Greatest integer sums

Relevant wiki: 2-dimensional Geometric Probability

If the fractional parts (portions after the decimal) add up to less than 1, the two will be equal, otherwise unequal. The probability is zero that they'd add to exactly 1, so that can be ignored. If the fractional parts are plotted on coordinate axes, the resulting unit square is divided by a diagonal line from $(0,1)$ to $(1,0)$ separating these two equal areas. The probability is $\boxed{\frac{1}{2}}$ .

Here, the only thing that matters are the decimals of x and y. There are two differents wways : either the sum of the decimals of x and y is >1 (=] 1; 2]), or the sum of the decimals of x and y is <1 (= [0; 1 [). These 2 cases therefore have the same probability : 1/2. This demonstration is by no means rigorous; I simply used my logic.
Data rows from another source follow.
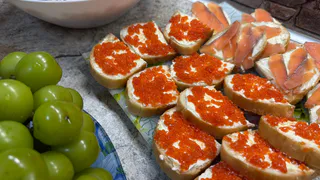 Красная икра по 115 рублей удивила: в чем подвох необычного продукта из «Светофора»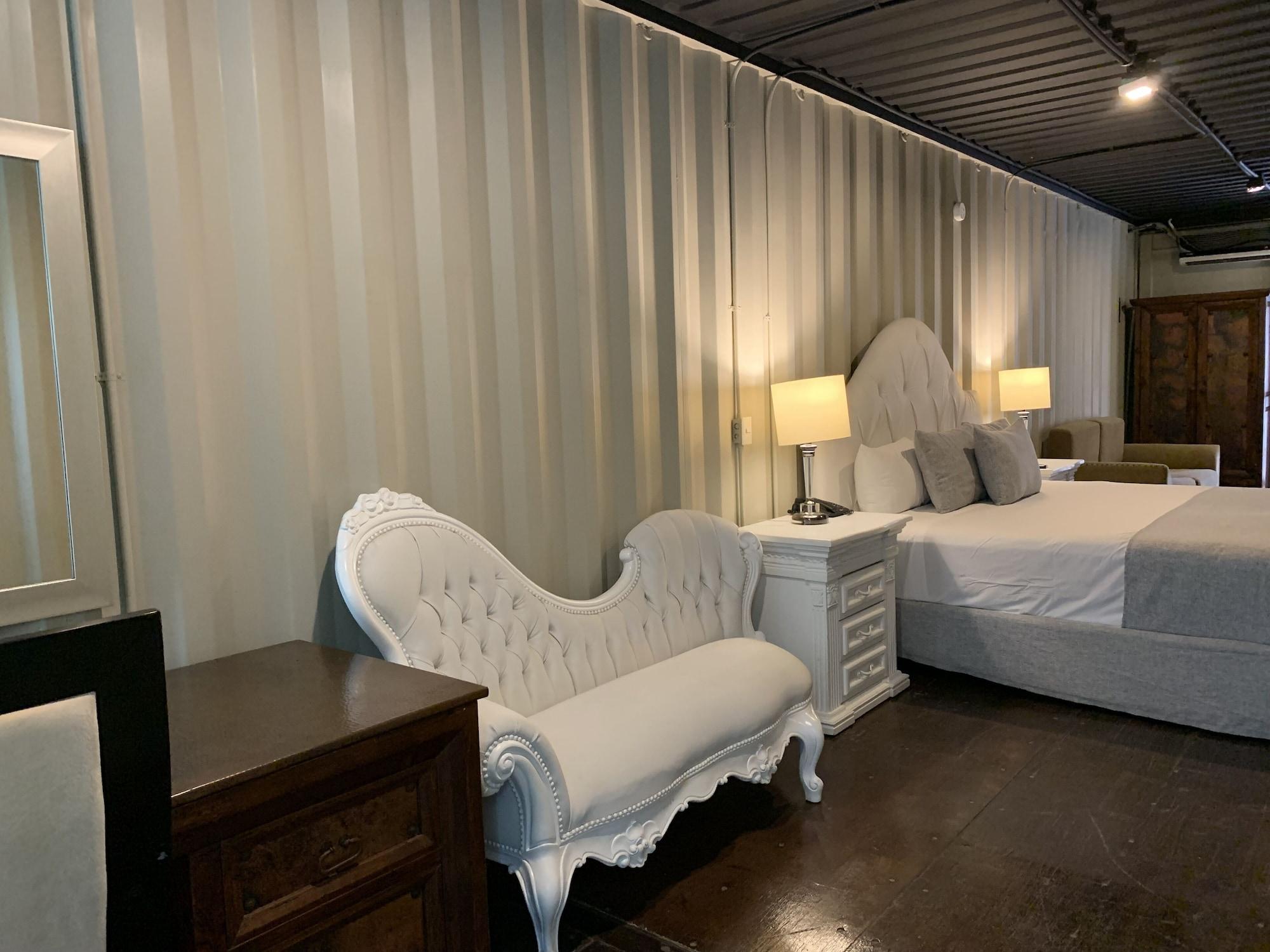 Hotel Container Aeropuerto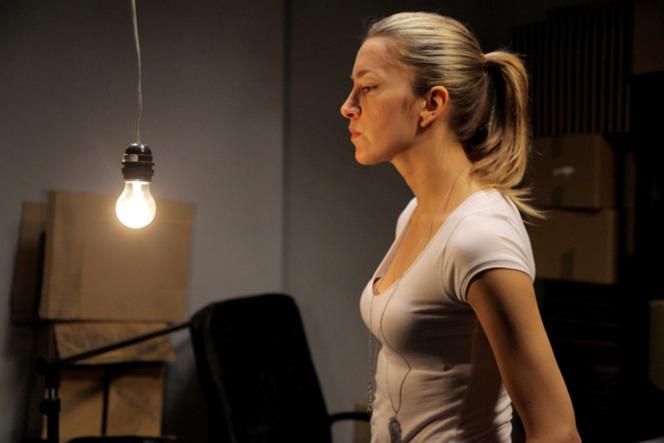 Na krawędzi 2 sezon odc. 2. Lena Korcz (Kamilla Baar)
This is my first.

I separated this into several different scenarios: The fractional part of x could either be less that 0.5 or greater than 0.5. The same is true for y. (Technically, it's possible that numbers with the fractional part exactly equal to 0.5, but this has probability zero as we are concerned with continuous numbers)
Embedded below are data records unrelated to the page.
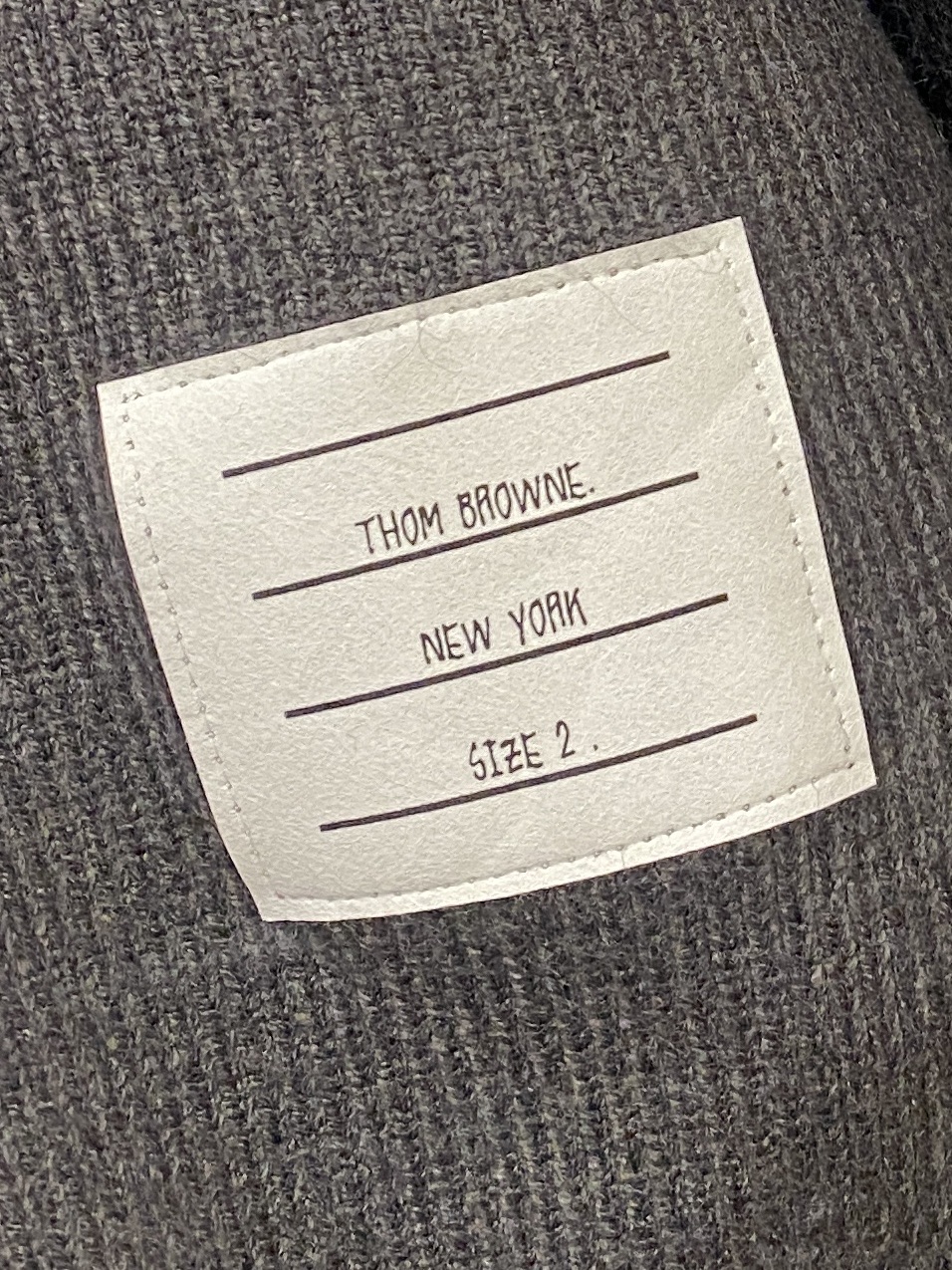 支持年后退换！ TB、2025新品羊毛衣外套 具有手感细腻柔软，可直接与肌肤接触，让暖心的纱线变化出细腻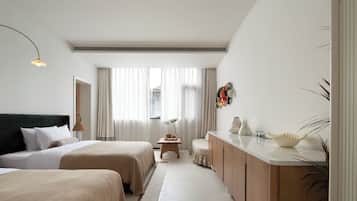 Tomannsrom – superior, terrasse, utsikt mot høyde | Minibar, individuelt dekorert, individuelt innredet og blendingsgardiner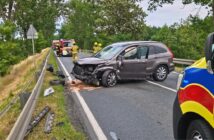 Wypadek na DK45 w Zawadzie, czołowo zderzyły się dwa samochody osobowe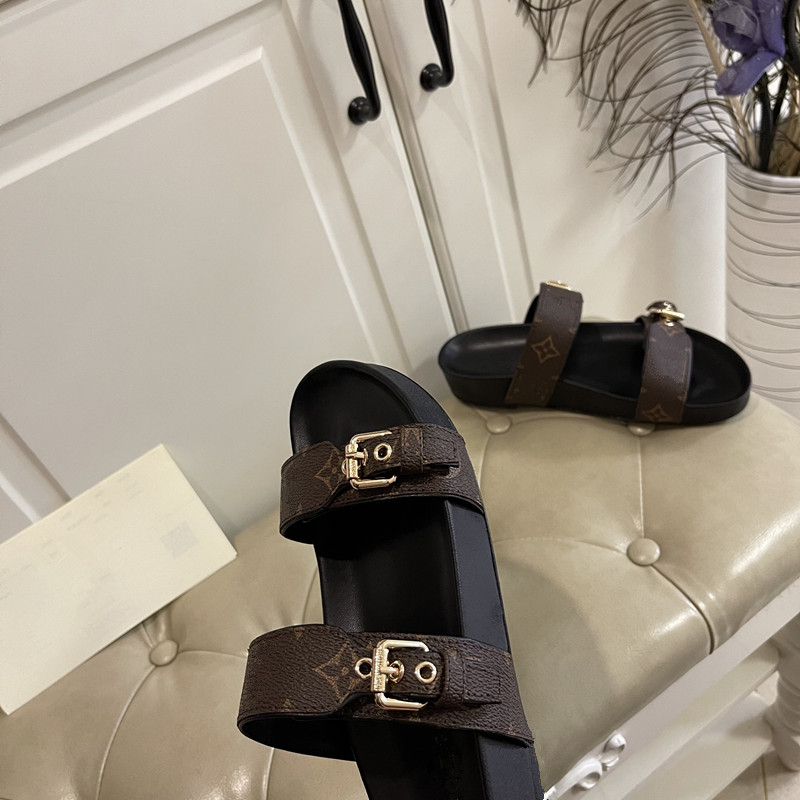 

2021 Women Summer sandals Slippers slide BOM DIA FLAT MULE 1A3R5M Cool Slides 2 Straps with Adjusted Gold Buckles sanda, Black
This leaves 4 equally likely scenarios:

1. Both x and y's fractional parts are less than 0.5, so the relation is satisfied. This will occur 1/4 of the time.
2. Both x and y's fractional parts are greater than 0.5, so the relation is NOT satisfied. This will occur 1/4 of the time.
3. x's fractional part is less than 0.5, and y's fractional part is greater than 0.5. Either the relation will be satisfied, or not, with equal probability giving a 1/8 chance for either.
4. x's fractional part is greater than 0.5, and y's fractional part is less than 0.5. Either the relation will be satisfied, or not, with equal probability giving a 1/8 chance for either.

Adding up the probabilities where it is satisfied gives 1/2.

I wrote (to my paper...) the same solution that is here already about twice, but here it is a little more precisely:

$\lfloor x+y \rfloor = \lfloor x \rfloor + \lfloor y \rfloor$ , when $\{x\} + \{y\}<1$ and $\lfloor x+y \rfloor = \lfloor x \rfloor + \lfloor y \rfloor +1$ , when $\{x\} + \{y\}\geq 1$ ( $\{ \cdot \}$ meaning the Fractional Part Function.)

That means, $P(\lfloor x+y \rfloor = \lfloor x \rfloor + \lfloor y \rfloor) = P(\{x\} + \{y\}<1) = P(u+v<1|u,v\in (0,1) )$

The last probability can be considered as graphical:

Shadowed part of the square being the satisfying area. It's area is clearly $\boxed{\frac12}$ .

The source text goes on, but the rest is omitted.